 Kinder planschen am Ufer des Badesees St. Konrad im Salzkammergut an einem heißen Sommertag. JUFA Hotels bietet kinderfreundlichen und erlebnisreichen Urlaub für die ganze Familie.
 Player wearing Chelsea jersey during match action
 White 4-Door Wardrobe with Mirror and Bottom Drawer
--
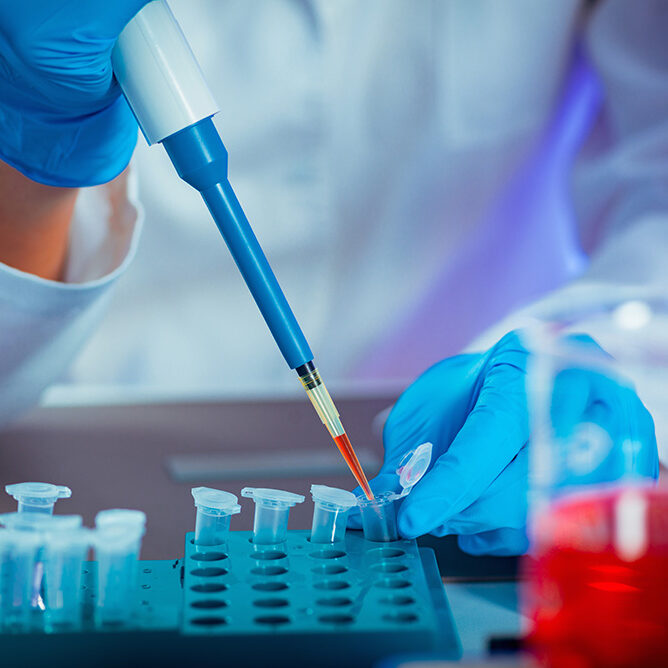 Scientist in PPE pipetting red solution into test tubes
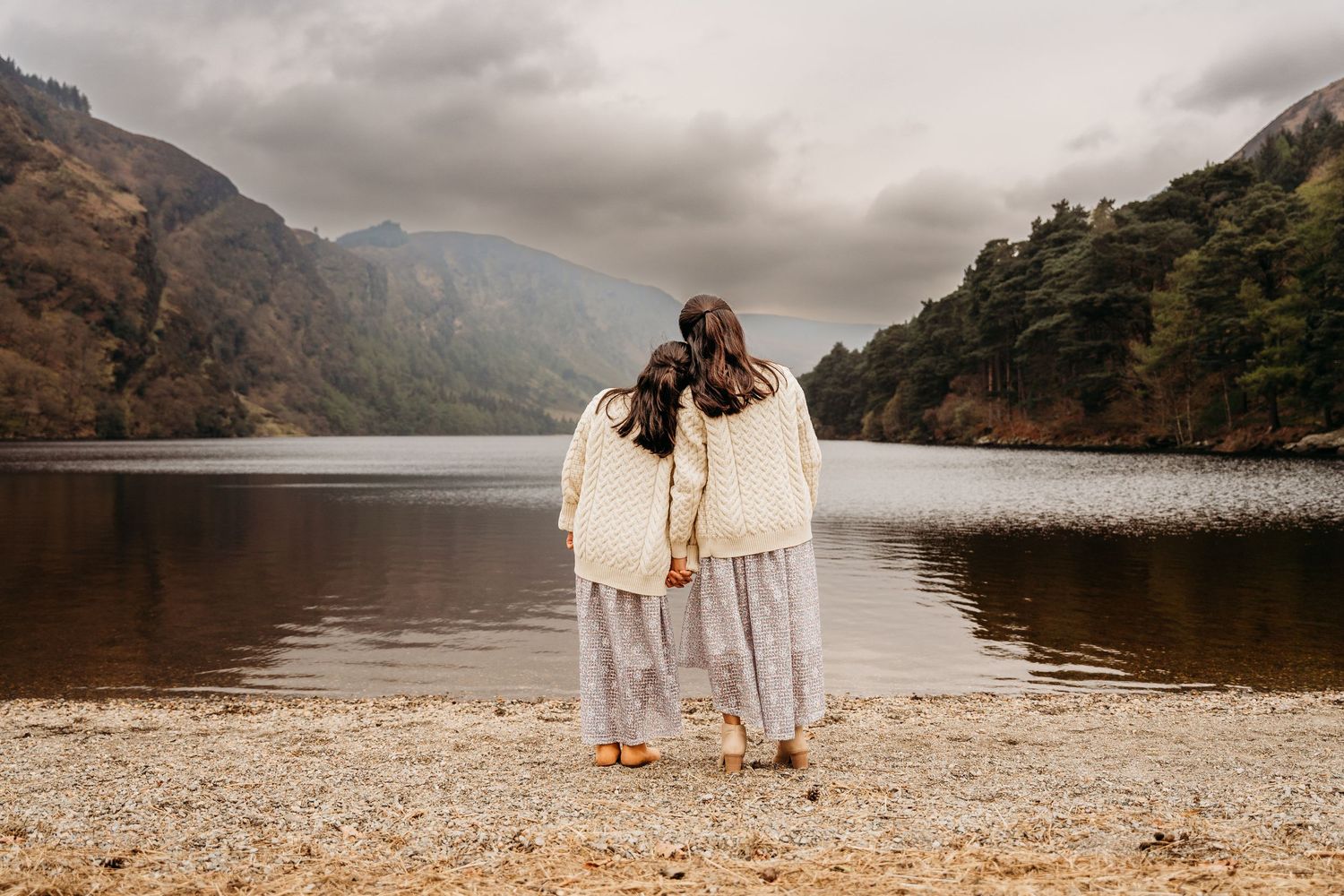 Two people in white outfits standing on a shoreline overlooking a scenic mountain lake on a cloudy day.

• [Problem to work on] The range runs from the line with "Kinder planschen am" up to and including the line with "White 4-Door Wardrobe" in the listing above; please write out exactly those lines and nothing more.

• [Expected output]
 Kinder planschen am Ufer des Badesees St. Konrad im Salzkammergut an einem heißen Sommertag. JUFA Hotels bietet kinderfreundlichen und erlebnisreichen Urlaub für die ganze Familie.
 Player wearing Chelsea jersey during match action
 White 4-Door Wardrobe with Mirror and Bottom Drawer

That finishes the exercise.